Set to reboot the insurance industry, the reconfigured IFRS 17 (International Financial Reporting Standard), issued by the International Accounting Standards Board in May 2017, standardises the measurement and reporting of information relating to insurance contracts.
By Caryn Davies, executive partner and head of GRC and regulatory offerings at IQbusiness
In a current landscape of inconsistent and unstable accounting practices across different jurisdictions, the new regulation comes as a welcome change to regulate accounting treatment across the globe – making it far easier for consumers, investors and shareholders to compare insurance companies’ financial information and make better informed decisions.
A brief overview of IFRS 17
Taking effect in South Africa on 1 January 2021, the overall objective of IFRS 17 is to provide a more useful and consistent accounting model for insurance contracts among global insurance providers.
The new model will replace IFRS 4, taking the previous standard up a few notches by providing specific guidance for measuring insurance contracts across the different accounting rules and practices as well as providing consistent terminology and disclosure requirements across the industry.
The main principles of IFRS 17 include:
* Estimates on future cash flows need to remain current and should maximise the use of consistent, observable market research.
* Discount on cash flows using a market rate reflective of the risk, duration and currency of the insurance contract.
* Measurement of current and explicit risk.
* Expected profit should be deferred and aggregated in groups of insurance contracts at initial recognition while expected profit should be recognised over the coverage period.
* Reporting of insurance contract liabilities on the balance sheet using current assumptions at each reporting date.
With these implications in mind, it’s important to ask yourself how the new regulation could affect the entire insurance industry, and more specifically your business.
The operational impacts of IFRS 17
First and foremost, the new model will change the governance landscape of organisations by directing all policies, standards, procedures and documents.
From a source data point of view, IFRS 17 will improve data management with a heightened emphasis on traceability, data lineage and granularity. Source data will need to be filtered correctly and external data sources covering macroeconomic conditions will also need to be included.
Continuing the topic of data, insurance contracts will be segmented, and data elements will be divided into component parts (a reversal of netting). Finance and actuarial data taxonomies will align completely.
As far as business calculations and analytics go, the following components will need to be calculated:
* Building block and variable fee approaches: including discount rate, expected value of future cash flows, risk adjustments to cash flows and contractual service margin.
* Premium allocation approach: including liabilities for remaining coverage, discount rate, risk adjustments to cash flows, cash flows of claim liability.

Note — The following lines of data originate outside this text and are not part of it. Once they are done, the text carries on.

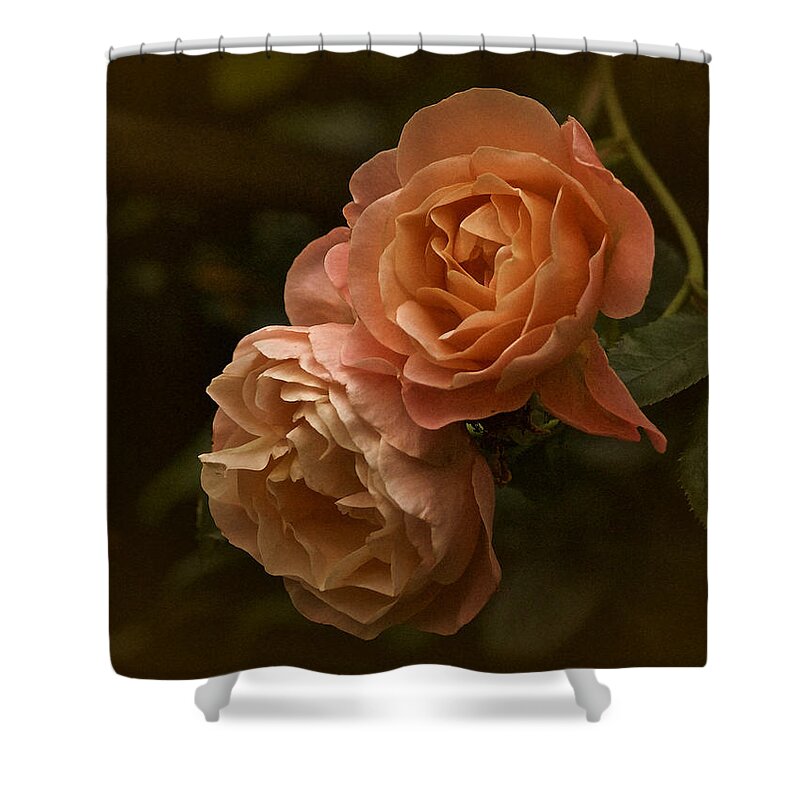 Roses Shower Curtain featuring the photograph The Two Roses by Richard Cummings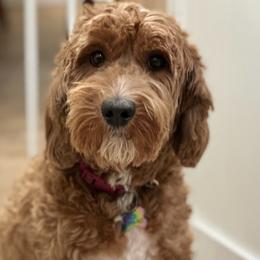 Ellie - Australian Labradoodle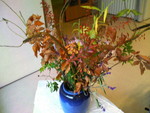bakenshikabuya2007-11-10 bakenshikabuya2007-11-10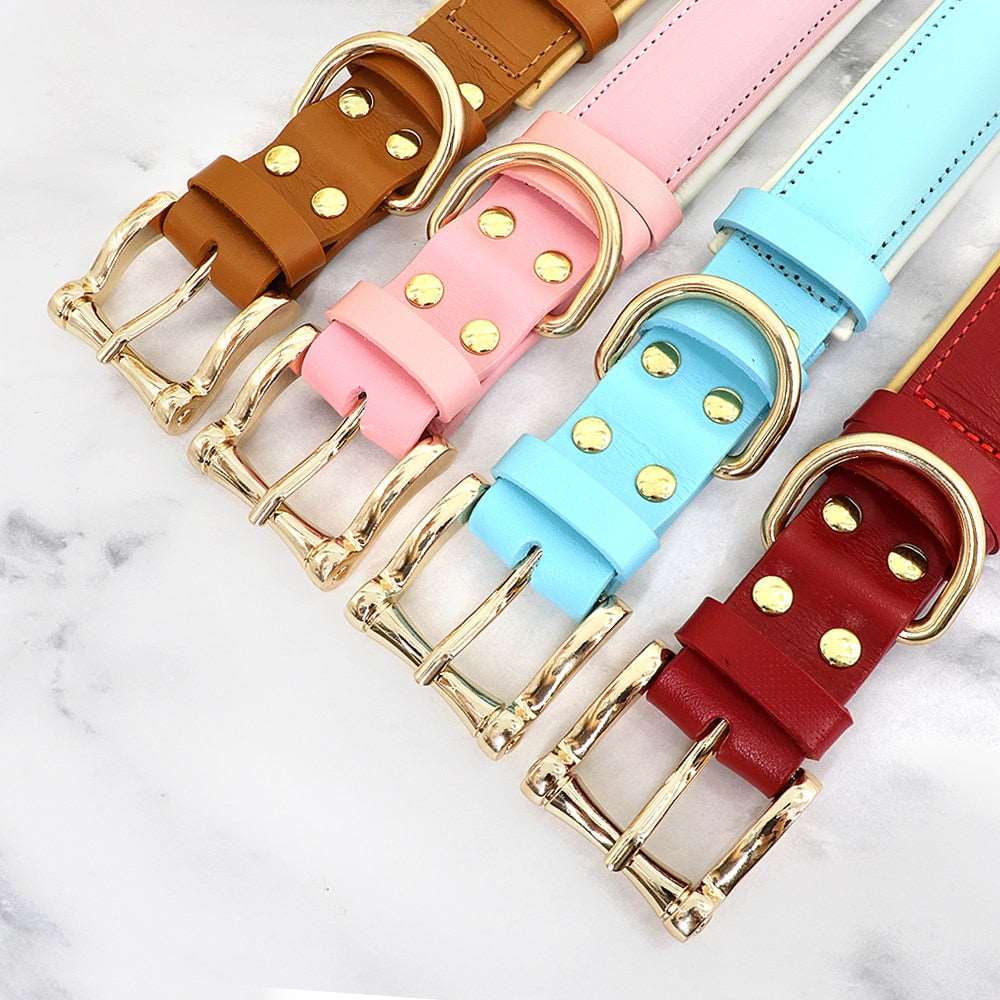 Leather Collars Australiandogbrokers.com.au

When these calculations are made, the IFR S17 methodologies will need to be used. There will also be changes in actuarial and risk models as well as general ledger allocations to reflect the new requirements.
And finally, from a reporting, monitoring and disclosure perspective, IFR S17 will introduce newly formatted financial statements with an updated chart of accounts; new contractual service margin reporting requirements, including the reporting of expected present value of cash flows and risk adjustments; as well as updated reporting rules, tools and systems. Additionally, internal controls and audit procedures will undergo changes.
Extending far beyond the realm of insurance providers, organisations in various sectors will be impacted by IFRS 17 and the key changes it brings. Actuarial scientists, accountants, information technology infrastructure experts, project managers, data experts, process engineers and business decision-makers all have different responsibilities to ensure IFRS 17 compliance.